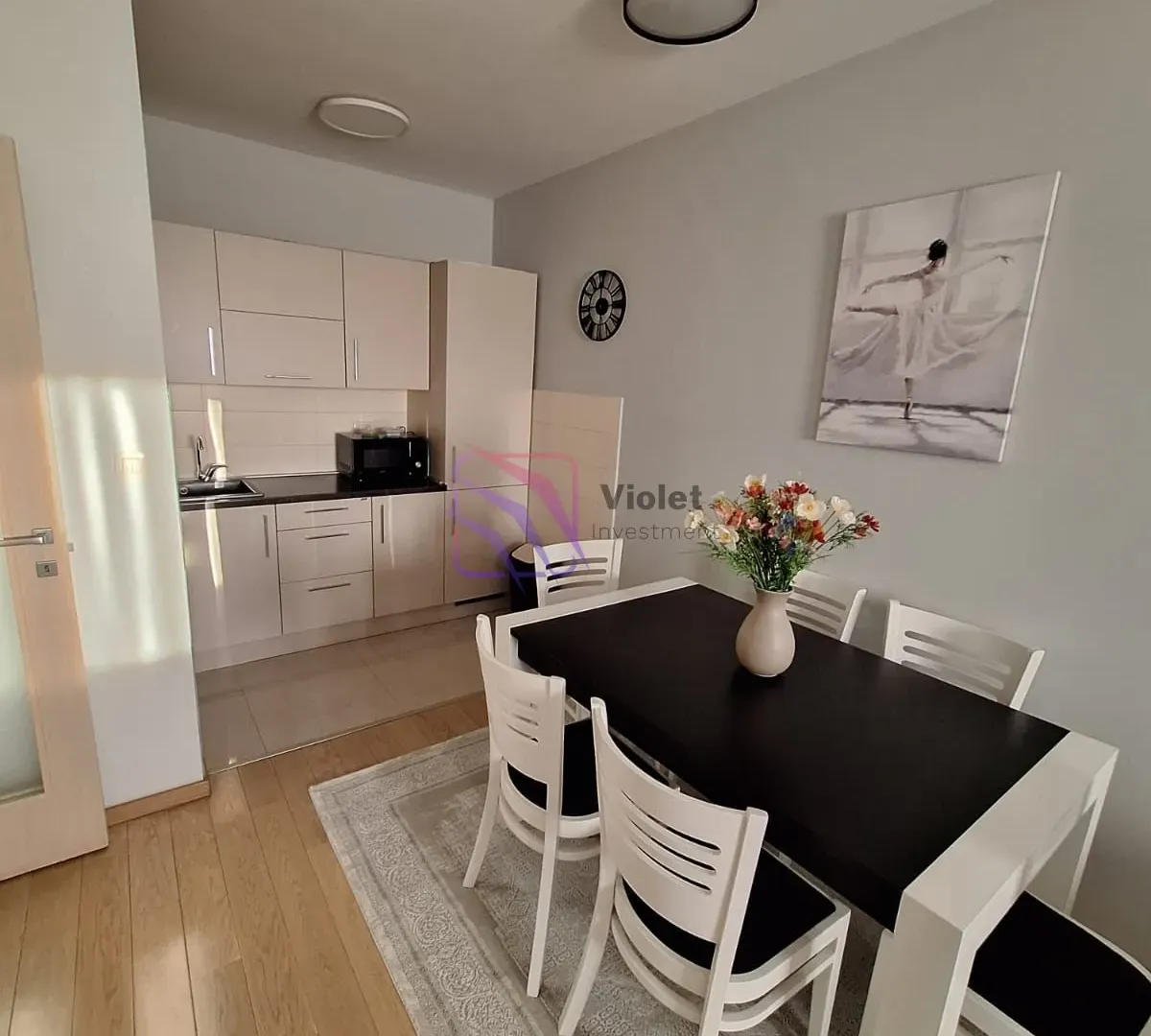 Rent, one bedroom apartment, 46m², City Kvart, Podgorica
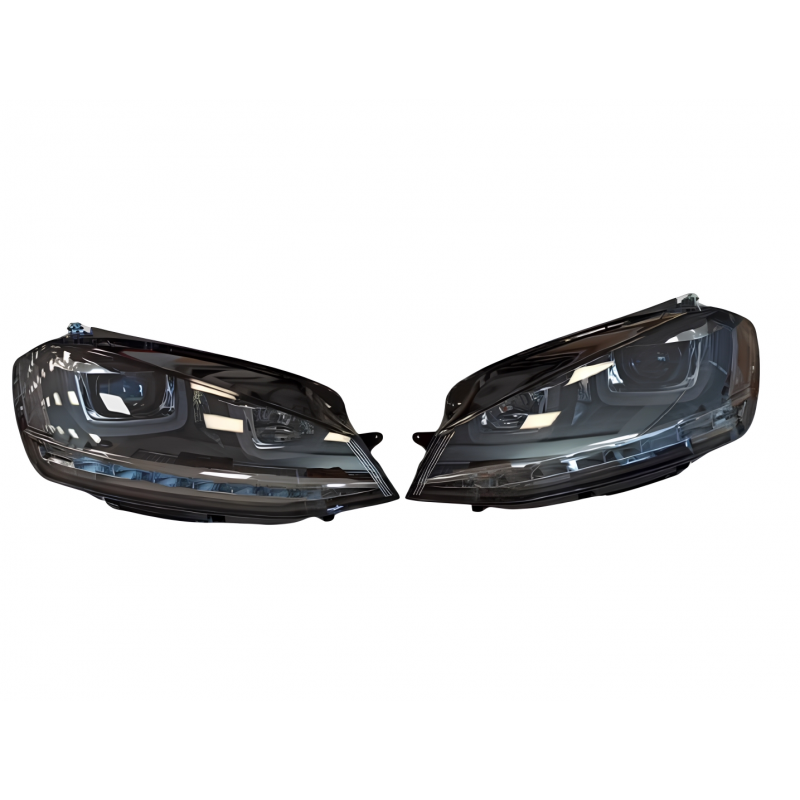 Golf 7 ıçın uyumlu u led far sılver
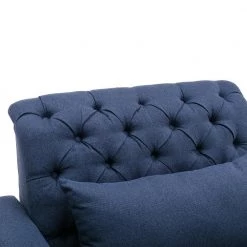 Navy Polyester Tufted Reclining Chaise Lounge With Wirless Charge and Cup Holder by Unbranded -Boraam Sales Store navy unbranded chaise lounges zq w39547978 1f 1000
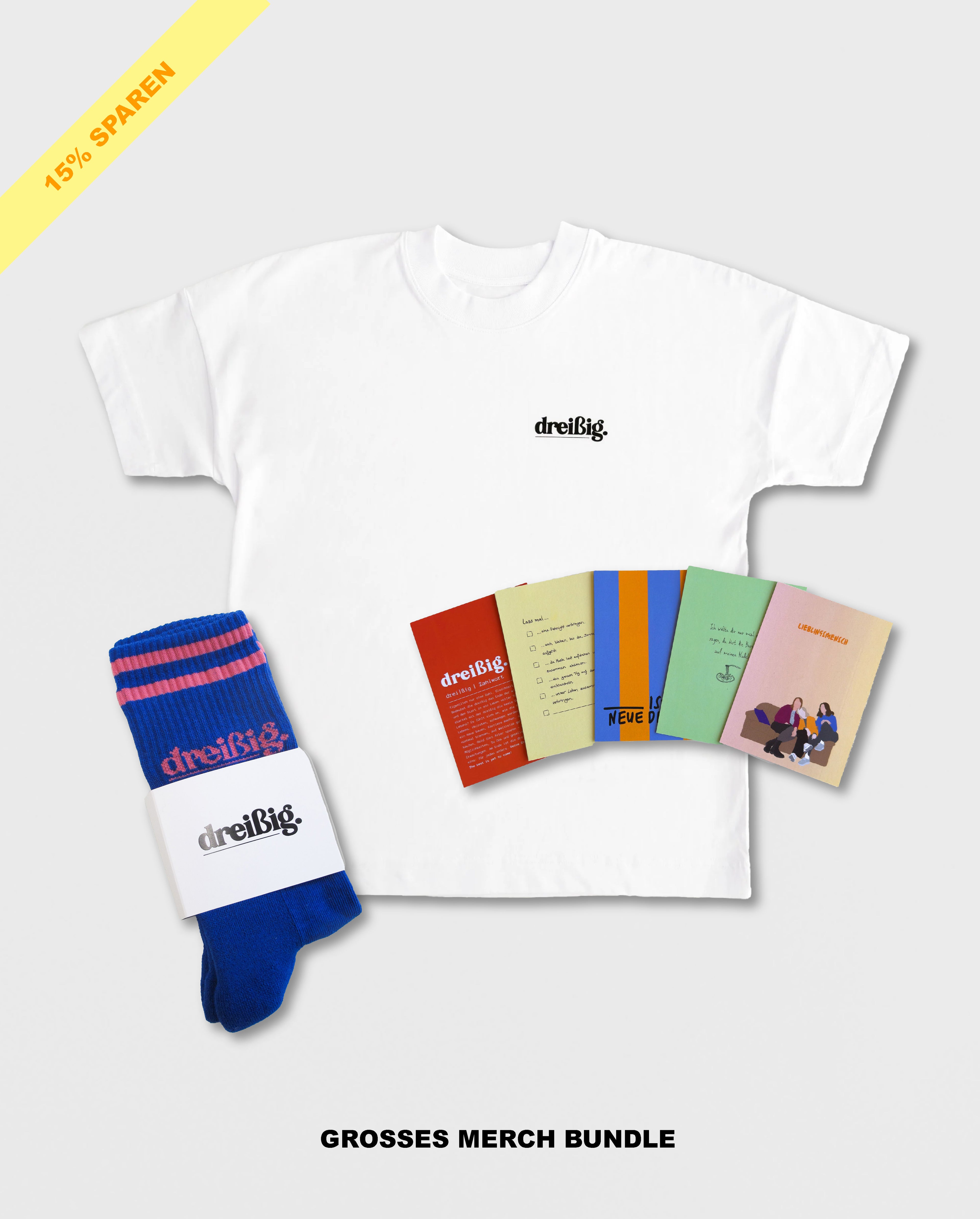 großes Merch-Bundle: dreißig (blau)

Instructions for the task: Your copy should match the listing exactly, apart from the pictures it leaves out.

Response area:
 Rent, one bedroom apartment, 46m², City Kvart, Podgorica
 Golf 7 ıçın uyumlu u led far sılver
 Navy Polyester Tufted Reclining Chaise Lounge With Wirless Charge and Cup Holder by Unbranded -Boraam Sales Store navy unbranded chaise lounges zq w39547978 1f 1000
 großes Merch-Bundle: dreißig (blau)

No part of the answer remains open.